* DATA LISTING
Content starts
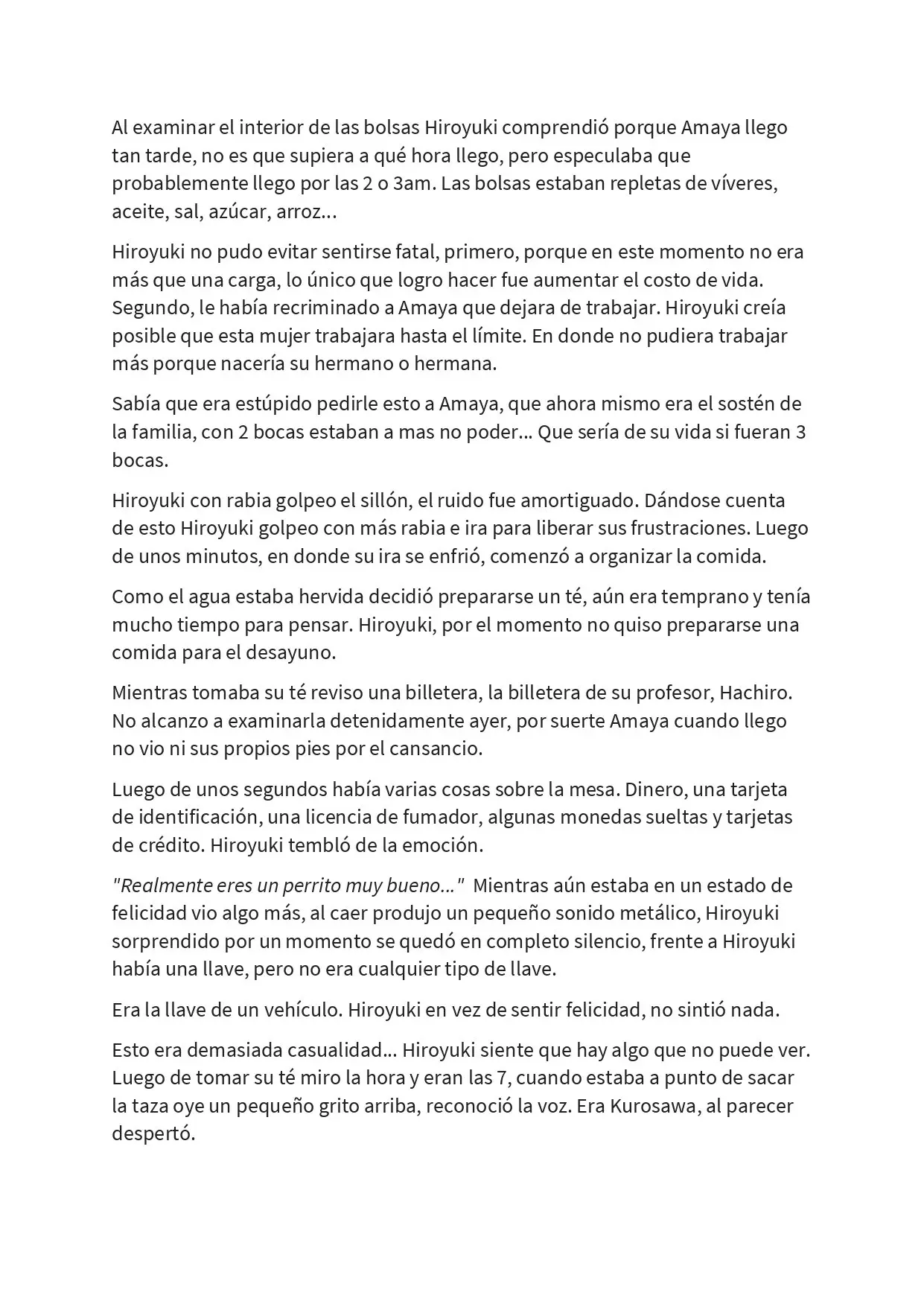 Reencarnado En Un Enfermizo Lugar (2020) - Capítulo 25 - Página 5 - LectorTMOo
Content ends
Content starts
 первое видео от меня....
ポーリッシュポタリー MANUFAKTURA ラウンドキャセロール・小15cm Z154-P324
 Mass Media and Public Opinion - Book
Content ends
Content starts
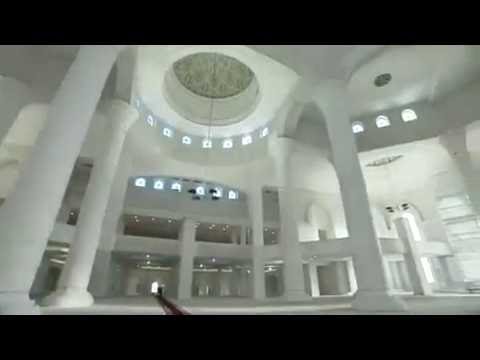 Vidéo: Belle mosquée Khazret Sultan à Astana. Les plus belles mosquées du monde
Content ends
* PROMPT
In the listing above, find the line with "первое видео от меня...." and the line with "Mass Media and Public Opinion - Book", then reproduce both and every line between them exactly.

* SOLUTION TO THIS EXERCISE
 первое видео от меня....
ポーリッシュポタリー MANUFAKTURA ラウンドキャセロール・小15cm Z154-P324
 Mass Media and Public Opinion - Book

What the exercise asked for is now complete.